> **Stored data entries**
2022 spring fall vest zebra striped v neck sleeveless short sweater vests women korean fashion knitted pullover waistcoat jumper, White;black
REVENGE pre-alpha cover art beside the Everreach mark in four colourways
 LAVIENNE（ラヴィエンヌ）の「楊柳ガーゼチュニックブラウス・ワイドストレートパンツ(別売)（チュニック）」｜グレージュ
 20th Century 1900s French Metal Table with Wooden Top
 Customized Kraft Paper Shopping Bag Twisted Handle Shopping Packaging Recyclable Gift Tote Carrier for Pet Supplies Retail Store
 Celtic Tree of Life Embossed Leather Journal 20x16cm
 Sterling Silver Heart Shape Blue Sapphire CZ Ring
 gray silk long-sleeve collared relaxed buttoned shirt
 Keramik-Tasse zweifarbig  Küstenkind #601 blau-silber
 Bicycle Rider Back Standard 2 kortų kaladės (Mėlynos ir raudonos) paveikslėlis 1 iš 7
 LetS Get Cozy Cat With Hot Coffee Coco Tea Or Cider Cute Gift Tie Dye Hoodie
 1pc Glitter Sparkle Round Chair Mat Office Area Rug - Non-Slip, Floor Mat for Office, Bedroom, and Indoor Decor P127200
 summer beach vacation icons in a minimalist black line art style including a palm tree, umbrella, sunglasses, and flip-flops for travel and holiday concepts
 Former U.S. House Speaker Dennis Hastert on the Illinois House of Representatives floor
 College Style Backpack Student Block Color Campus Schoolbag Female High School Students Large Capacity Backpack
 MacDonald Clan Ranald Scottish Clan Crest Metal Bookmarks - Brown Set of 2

> **TASK TO CARRY OUT**
Return a copy of every line in the records that includes the string "Gift".

> **THE COMPLETED TASK**
 Customized Kraft Paper Shopping Bag Twisted Handle Shopping Packaging Recyclable Gift Tote Carrier for Pet Supplies Retail Store
 LetS Get Cozy Cat With Hot Coffee Coco Tea Or Cider Cute Gift Tie Dye Hoodie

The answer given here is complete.